29 His disciples said, “Ah, now you are speaking plainly and not using figurative speech! 30 Now we know that you know all things and do not need anyone to question you; this is why we believe that you came from God.” 31 Jesus answered them, “Do you now believe? 32 Behold, the hour is coming, indeed it has come, when you will be scattered, each to his own home, and will leave me alone. Yet I am not alone, for the Father is with me. 33 I have said these things to you, that in me you may have peace. In the world you will have tribulation. But take heart; I have overcome the world.” (ESV)
Introduction: Prayer—Something We Should Be Doing!
The great English poet George Herbert described prayer as “reversed thunder” (Prayer (I) ). Thunder normally rumbles through the clouds first and then the sound eventually reaches our ears. But prayer is thunder in reverse, as our desperate needs and deep yearnings take shape into prayers and petitions that rumble up through our hearts to the throne of God!
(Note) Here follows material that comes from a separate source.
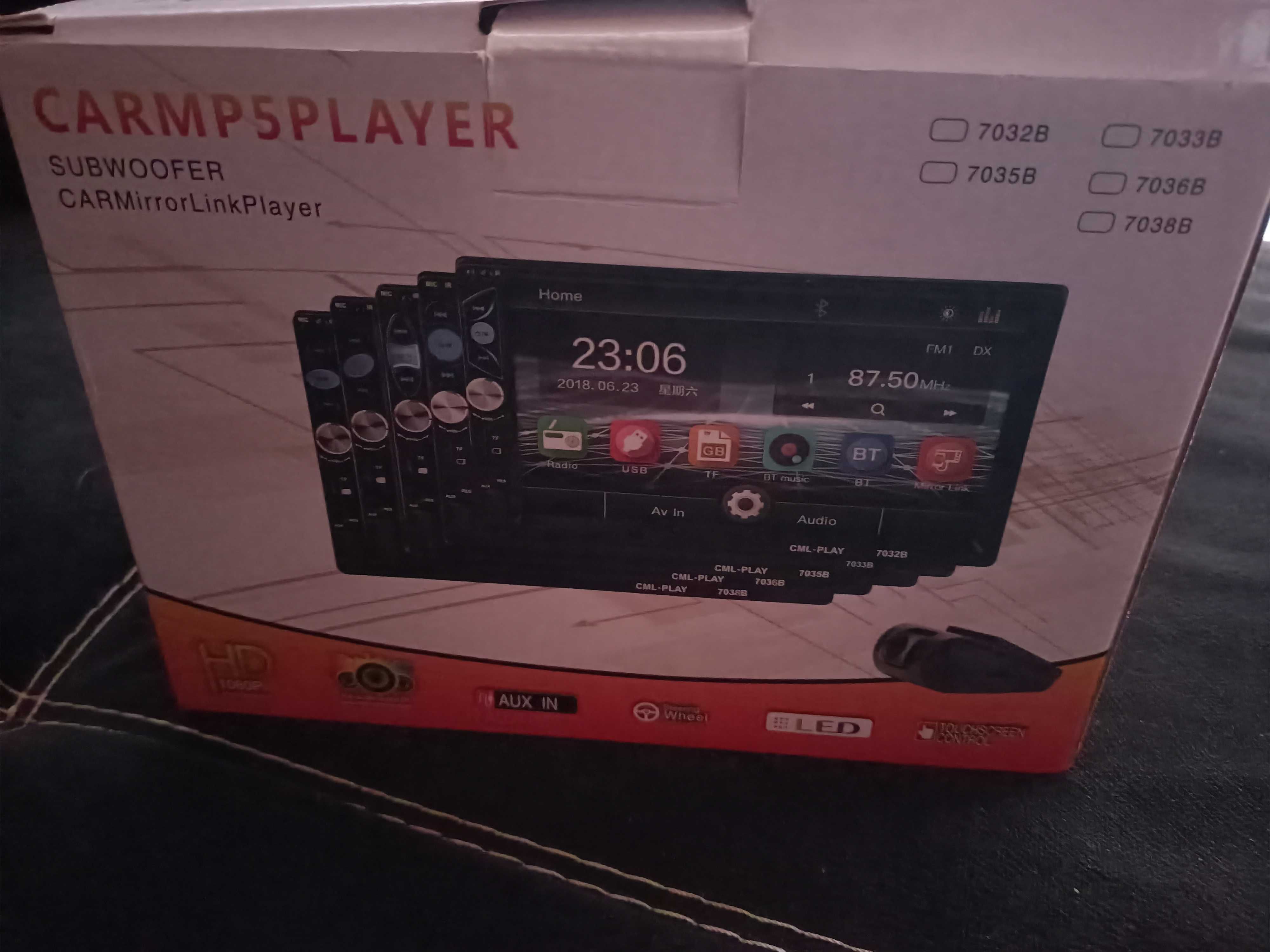 CARMP5 Player 7010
In the same poem on prayer, George Herbert calls prayer “the Church’s banquet.” Think of a time you went to an all-you-could-eat buffet. No matter how many times you went up for another helping of food, you did not even begin to make a dent in the abundance of provision. So, too, you can never exhaust God’s rich supply.
In our lives of trials, needs, and yearnings, it is a great comfort to know that our praying, even our non-verbal sighing, rumbles out from the depths of our hearts to reach God’s throne, and also that God’s provision is always greater than our desperation. Prayer is such a great gift that we should be crying out to God every day, even every hour. And when we also consider our great need to pray in face of the devil’s temptations, our own weaknesses, and the needs of others, we truly should be fervent intercessors before God.
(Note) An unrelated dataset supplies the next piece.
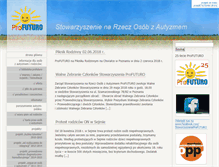 Tablet Screenshot of pro-futuro.org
Could I use the word “fervent” to describe your prayers? I know that for my practice of prayer, the word that comes most readily to mind is “complacent.” How easily diverted and distracted I am from praying. And it is not that God expects our prayers to be long and labourious. Even if we only fervently prayed the seventy words contained in the Lord’s Prayer five or ten times throughout the day, we would have a rich prayer life indeed. And if we simply whispered “Lord, have mercy!” or “Thanks be to God!” every time we encountered a need or a blessing, then that too would serve as a great remedy for our complacency. Truly, we all need to pray this morning: “Lord, have mercy on us and heal us of our complacency, that we may pray aright, in true faith in Christ our Saviour!”
Go Directly to the Father!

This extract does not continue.